REPUBLIKA.CO.ID, JAKARTA -- Polri kembali berhasil membongkar sindikat penipuan transaksi internet melalui situs Online Shop. Sebanyak 64 orang yang semuanya adalah Warga Negara Asing (WNA) asal Cina ditangkap pada Rabu (19/12) petang.
Mereka diamankan atas laporan kepolisian Republik Rakyat Cina (RRC) yang memberikan informasi terkait keberadaan kelompok tersebut. Sindikat ini beraksi dengan berpura-pura menjual barang di Online Shop yang mereka kelola. Dalam transaksi dengan calon korban, mereka meminta pengiriman uang sebagai bentuk pembayaran pesanan dilakukan di awal.
Setelah korban membayar melalui proses transfer, pesanan yang seharusnya dikirim tak kunjung datang.
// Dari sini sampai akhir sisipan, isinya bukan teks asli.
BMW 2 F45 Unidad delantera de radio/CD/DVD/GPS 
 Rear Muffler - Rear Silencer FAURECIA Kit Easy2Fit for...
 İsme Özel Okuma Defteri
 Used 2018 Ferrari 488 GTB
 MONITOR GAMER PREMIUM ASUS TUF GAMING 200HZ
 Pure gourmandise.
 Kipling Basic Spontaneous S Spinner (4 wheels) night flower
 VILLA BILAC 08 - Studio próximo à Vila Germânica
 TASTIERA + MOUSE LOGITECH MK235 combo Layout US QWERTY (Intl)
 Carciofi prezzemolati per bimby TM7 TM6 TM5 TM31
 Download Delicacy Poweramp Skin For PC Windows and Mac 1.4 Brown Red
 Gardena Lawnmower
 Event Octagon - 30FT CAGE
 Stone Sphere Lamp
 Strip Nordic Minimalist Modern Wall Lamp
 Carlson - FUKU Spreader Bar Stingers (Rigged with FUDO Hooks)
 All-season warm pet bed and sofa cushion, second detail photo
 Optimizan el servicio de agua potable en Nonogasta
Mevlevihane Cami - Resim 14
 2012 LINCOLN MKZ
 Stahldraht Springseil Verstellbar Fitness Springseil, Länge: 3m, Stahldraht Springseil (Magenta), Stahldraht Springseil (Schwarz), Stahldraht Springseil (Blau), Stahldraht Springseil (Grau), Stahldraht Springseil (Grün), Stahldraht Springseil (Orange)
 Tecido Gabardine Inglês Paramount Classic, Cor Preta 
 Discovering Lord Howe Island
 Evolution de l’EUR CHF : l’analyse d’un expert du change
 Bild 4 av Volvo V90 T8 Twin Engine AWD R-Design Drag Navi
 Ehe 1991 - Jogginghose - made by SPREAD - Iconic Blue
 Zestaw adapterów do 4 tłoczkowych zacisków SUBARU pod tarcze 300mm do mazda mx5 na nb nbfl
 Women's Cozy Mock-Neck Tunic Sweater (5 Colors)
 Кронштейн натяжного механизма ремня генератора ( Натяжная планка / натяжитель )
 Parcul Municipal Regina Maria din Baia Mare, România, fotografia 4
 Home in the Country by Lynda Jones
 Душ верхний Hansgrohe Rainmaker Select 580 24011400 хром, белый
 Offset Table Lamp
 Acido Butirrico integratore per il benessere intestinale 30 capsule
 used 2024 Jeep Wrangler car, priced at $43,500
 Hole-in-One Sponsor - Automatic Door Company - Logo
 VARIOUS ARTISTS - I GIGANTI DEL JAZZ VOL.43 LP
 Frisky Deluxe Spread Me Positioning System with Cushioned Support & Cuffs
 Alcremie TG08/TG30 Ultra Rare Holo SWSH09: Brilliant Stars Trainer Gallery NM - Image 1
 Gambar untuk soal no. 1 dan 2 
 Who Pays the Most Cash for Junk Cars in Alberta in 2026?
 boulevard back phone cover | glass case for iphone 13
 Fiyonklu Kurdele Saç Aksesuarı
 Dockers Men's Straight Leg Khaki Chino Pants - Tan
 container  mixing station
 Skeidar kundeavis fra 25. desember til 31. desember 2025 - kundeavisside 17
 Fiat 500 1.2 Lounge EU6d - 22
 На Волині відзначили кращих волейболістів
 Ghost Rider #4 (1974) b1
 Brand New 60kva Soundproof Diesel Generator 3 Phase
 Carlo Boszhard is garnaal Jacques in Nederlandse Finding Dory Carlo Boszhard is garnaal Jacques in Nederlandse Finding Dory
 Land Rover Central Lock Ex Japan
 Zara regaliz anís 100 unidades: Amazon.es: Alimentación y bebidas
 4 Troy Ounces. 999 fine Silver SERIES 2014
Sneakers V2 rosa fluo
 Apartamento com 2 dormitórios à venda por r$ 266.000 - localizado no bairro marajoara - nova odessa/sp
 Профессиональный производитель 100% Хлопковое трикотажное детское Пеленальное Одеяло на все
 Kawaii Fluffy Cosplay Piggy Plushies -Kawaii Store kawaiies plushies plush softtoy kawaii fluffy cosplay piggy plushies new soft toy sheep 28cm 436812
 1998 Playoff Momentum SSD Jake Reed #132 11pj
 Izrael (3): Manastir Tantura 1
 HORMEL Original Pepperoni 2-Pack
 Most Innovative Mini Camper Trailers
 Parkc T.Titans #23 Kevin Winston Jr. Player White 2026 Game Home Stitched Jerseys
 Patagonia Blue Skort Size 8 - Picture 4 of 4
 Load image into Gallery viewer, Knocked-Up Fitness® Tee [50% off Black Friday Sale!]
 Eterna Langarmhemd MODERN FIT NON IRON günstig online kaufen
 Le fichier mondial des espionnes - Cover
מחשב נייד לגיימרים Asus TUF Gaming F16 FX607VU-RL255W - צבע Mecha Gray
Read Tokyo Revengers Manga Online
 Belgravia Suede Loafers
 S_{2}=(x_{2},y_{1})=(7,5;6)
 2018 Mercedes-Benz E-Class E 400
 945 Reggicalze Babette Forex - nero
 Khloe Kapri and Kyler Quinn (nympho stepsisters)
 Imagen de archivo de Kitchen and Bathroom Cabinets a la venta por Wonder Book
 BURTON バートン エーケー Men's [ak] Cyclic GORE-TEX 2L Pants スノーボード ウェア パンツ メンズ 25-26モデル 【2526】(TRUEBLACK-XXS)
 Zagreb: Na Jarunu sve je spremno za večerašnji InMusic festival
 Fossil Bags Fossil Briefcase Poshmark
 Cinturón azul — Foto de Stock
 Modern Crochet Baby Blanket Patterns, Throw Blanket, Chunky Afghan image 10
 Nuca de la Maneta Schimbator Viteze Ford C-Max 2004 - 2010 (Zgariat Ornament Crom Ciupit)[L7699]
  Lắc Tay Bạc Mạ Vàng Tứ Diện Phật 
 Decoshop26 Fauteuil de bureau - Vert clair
Alhasil, para korban yang semuanya adalah penduduk RRC harus kecewa dan melaporkan ha tersebut ke kepolisian setempat. Kekecewaan mereka kemudian ditindak lanjuti oleh kepolisian RRC, setelah dilakukan pengusutan, ternyata para pelaku tidak berada di dalam negeri RRC.
“Kepolisian Cina memberitahu kami bahwa hasil penyelidikan mereka menyebutkan para pelaku kejahatan tersebut melakukan aksinya dari Indonesia,” kata Karo Penmas Polri, Boy Rafli Amar di Mabes Polri, Jakarta Selatan Kamis (20/12).
Penangkapan WNA Cina atas kasus yang sama sudah kerap Polri lakukan, setidaknya dalam kurun waktu dua tahun. Total ada 222 pelaku Cybercrime asal Cina yang menjadikan Indonesia sebagai basecamp mereka dalam menjalankan aksi kriminalnya.
Boy mengatakan, selain penangkapan kali ini, sebelumnya juga ada dua penangkapan besar terkait kasus yang sama. Awal bulan Desember, 58 WNA Cina ditangkap di Jakarta, lalu tahun 2011 lalu ada seratus orang berpaspor Cina ditangkap di Serpong, Bintaro, dan Bekasi.
Maraknya WNA Cina yang melakukan aksi Cybercrime di Indonesia dikatakan Boy dipengaruhi banyak hal. Dia berujar, setidaknya faktor geografis dan psikologis memiliki peran paling sentral atas keputusan WNA Cina yang memilih Indonesia sebagai pusat organisasi aksi Cybercrime.
Dia menjelaskan, secara geografis letak Indonesia dengan RRC cukup jauh. Sehingga para pelaku merasa aman dari kejaran otoritas keamanan di lokasi munculnya para korban. Kelompok ini berpikir, polisi setempat tidak akan sanggup menggapai mereka karena aksinya dilakukan di luar RRC.
Kemudian dari psikologis, menurut Boy faktor banyaknya warga Indonesia keturunan Cina cukup membantu mereka. Selain mudah berbaur, mereka juga dapat menemukan saudara-saudara mereka yang satu etnis.
“Tentu mereka akan merasa nayaman dan merasa di rumah sendiri dengan kondisi tersebut. Selain itu, tidak akan ada masyarakat yang curiga dengan aktivitas mereka karena etnis keturunan Tionghoa kan banyak,” ujar Boy.
Atas dasar inilah, Boy mengatakan Polri akan lebih awas terhadap segala kemungkinan munculnya para pelaku serupa di Indonesia. Selain masalah keamanan, martabat Indonesia juga ikut diperhitungkan.